One brief visit after service was on the subject of gardening, and she asked me if I had a garden at home. I told her that I did, and that it wasn’t much, but we sure did enjoy the home grown tomatoes it produced.
She said she also had a garden, and it too wasn’t much, but she had kept the garden for years and couldn’t stand the thought of giving it up. Then Mrs. Bailey asked if I had a way to sharpen a hoe, as hers was dull and her husband couldn’t sharpen it for her anymore.
I told her I’d be more than happy to come by with a hand grinder and do her this small favor. I asked her what other tools she had for gardening, and she said that old hoe was about it. I wondered how much work she could get done, especially at her age, with no more than that to work with.

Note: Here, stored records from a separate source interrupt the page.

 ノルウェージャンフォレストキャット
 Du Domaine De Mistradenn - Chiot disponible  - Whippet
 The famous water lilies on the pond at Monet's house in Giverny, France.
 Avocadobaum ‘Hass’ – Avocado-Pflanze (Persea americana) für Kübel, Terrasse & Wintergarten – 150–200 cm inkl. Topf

Monday evening after work, I detoured a mile or two from my usual route home and turned on the small dead end road that led to her house. Pulling into the driveway on the north side of her home, my view of her garden was obscured by her neat house, the front porch, and the small shed out back. We exchanged greetings on the porch, and then she asked if I would like to see her little garden before going to the shed for that dull hoe.

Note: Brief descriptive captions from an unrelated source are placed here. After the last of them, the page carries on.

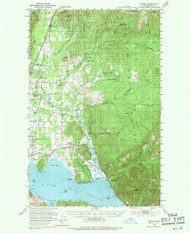 Elmira, Idaho 1951 (1971) USGS Old Topo Map Reprint 15x15 ID Quad 239057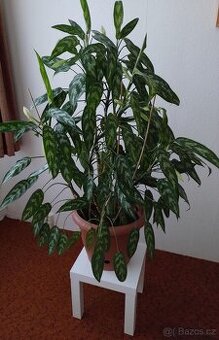 1) Aglaonema Maria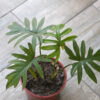 Philodendron Elegans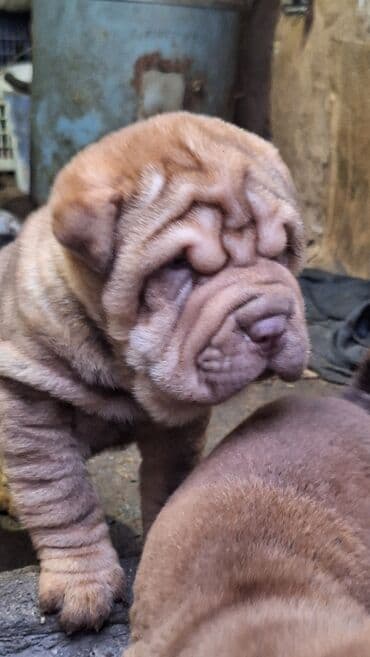 шпиц собака цена бишкек: Шарпей, 1 месяц, Самец — 1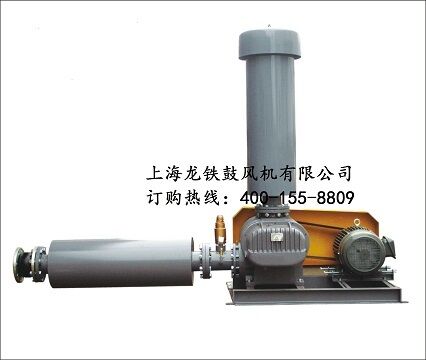 龍鐵魯氏鼓風(fēng)機.jpg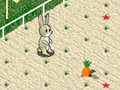 Žaidimas Animal 4 Steps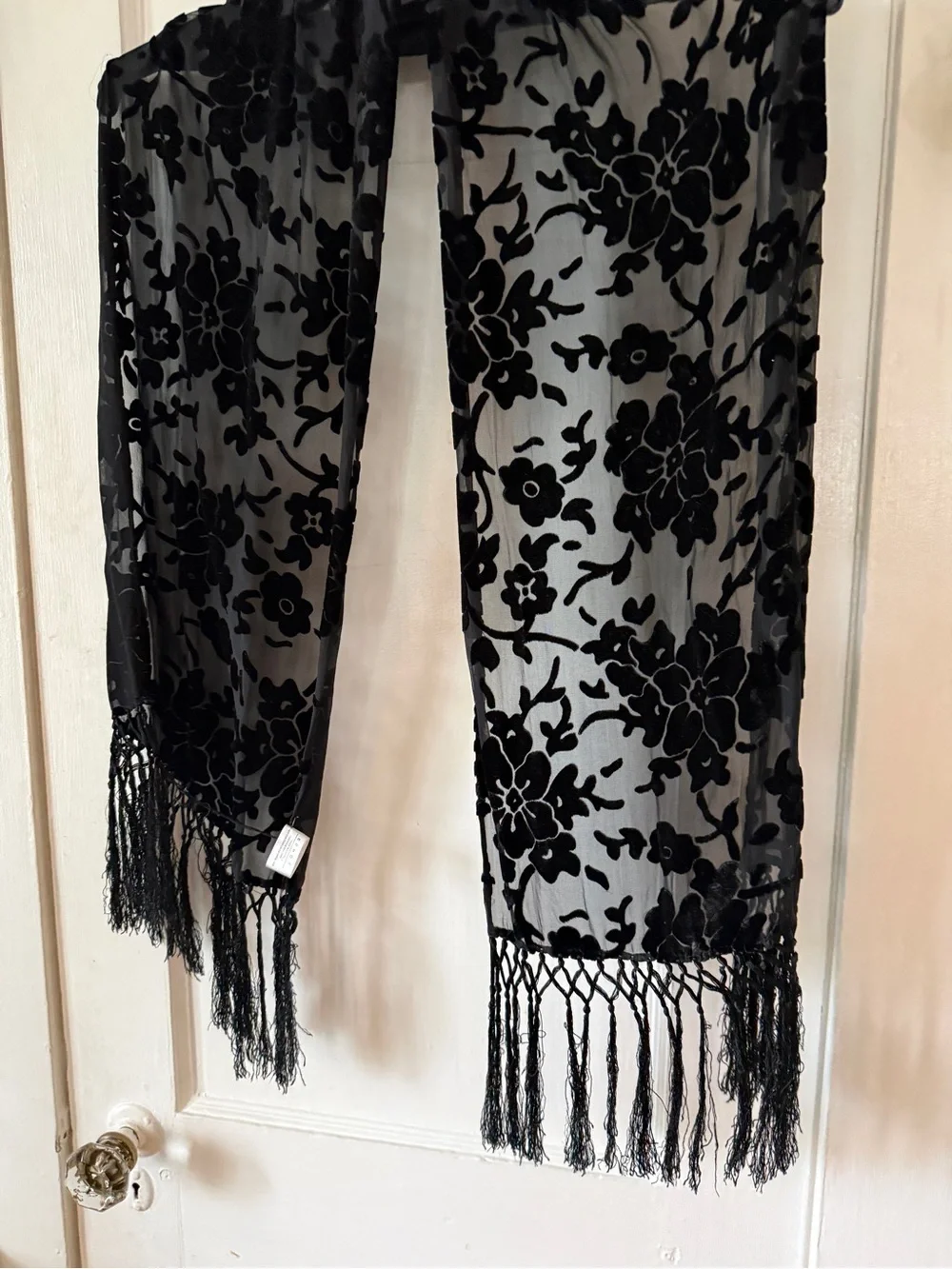 Echo Black Sheer Velvet Burnout Scarf with Fringe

As we rounded the corner of her house, there laid out before me was the most beautifully taken care of garden I had ever seen. The rows were as straight as the lines on a football field, and between each row of photo worthy plants wasn’t even a single blade of grass or a weed of any kind. Nearly a quarter acre in size, it looked like a cover photo of a gardening magazine, all done by an elderly woman barely five feet tall, in remarkably good health, using one well worn tool—itself quite a bit older than the far younger, stronger, and totally humiliated man who had come to sharpen it for her.
I shouldn’t have been that surprised because one thing Mrs. Bailey wasn’t scared of was hard work. Her whole life had been hard work, and she and her husband had made a good life of it. She would have been bored, no matter her age, if she was not working. As long as she was breathing, she was going to be doing something, and one thing she found to do was to raise the finest garden in three counties, tools or no tools.

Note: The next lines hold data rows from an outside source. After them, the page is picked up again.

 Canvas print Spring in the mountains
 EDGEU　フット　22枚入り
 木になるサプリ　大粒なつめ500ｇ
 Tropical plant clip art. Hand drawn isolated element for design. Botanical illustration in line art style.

I’m a worker, too, if not a gardener. And I’ll bet that if I make it to retirement age, I’ll still be working at something, or any number of somethings, and that’s fine with me. But today my job is running a commercial sign shop, which has grown a bit through the years. I have long since given up trying to do all the work myself. I have to have other productive staff members who help me get the workload out the door every week.
Now, it seems to me that in this world there are about five different kinds of people. There are people who design things, people who sell things other people make, those who do the accounting, and then there are the production people who actually get all the work done. (Yes, that’s only four kinds of people. I left out those who, as my dad says, “just aren’t worth killing.”)
When trying to hire someone for the production side of our business, what I have found I need to do is to find people who are truly bored if they aren’t getting something done, and the more they get done the better they like it. Mrs. Bailey was no doubt that kind of person, but even today there are those who like getting in the trenches and making things happen—those who say the magic words, “I need more work to do.”
Yes, I know all of this is simplistic, but the point is, I cannot make a production person out of anyone who isn’t bent that way already. By the time I hire them, they are who they are. My job, and maybe your job, is to find the right “type” of person for the position that needs to be filled, give them enough work to keep them from ever being bored, then treat them well enough to keep them part of our team for as long as possible. If the person I hire ends up being the wrong “type” of worker, I don’t need to waste time trying to re-invent the wheel that just rolled into my shop.
I think Americans should respect work, of all kinds, and those who actually do it. Work isn’t a bad word. Why heck, it may be what keeps some people who amaze us youthful and amazing. People like Mrs. Bailey. If she could do all that with a dull hoe, man, I really should have gone back to see what she did with a sharp one! I didn’t. Widowed now, she has moved away to live with one of her daughters, but not without leaving an example I’ll not soon forget.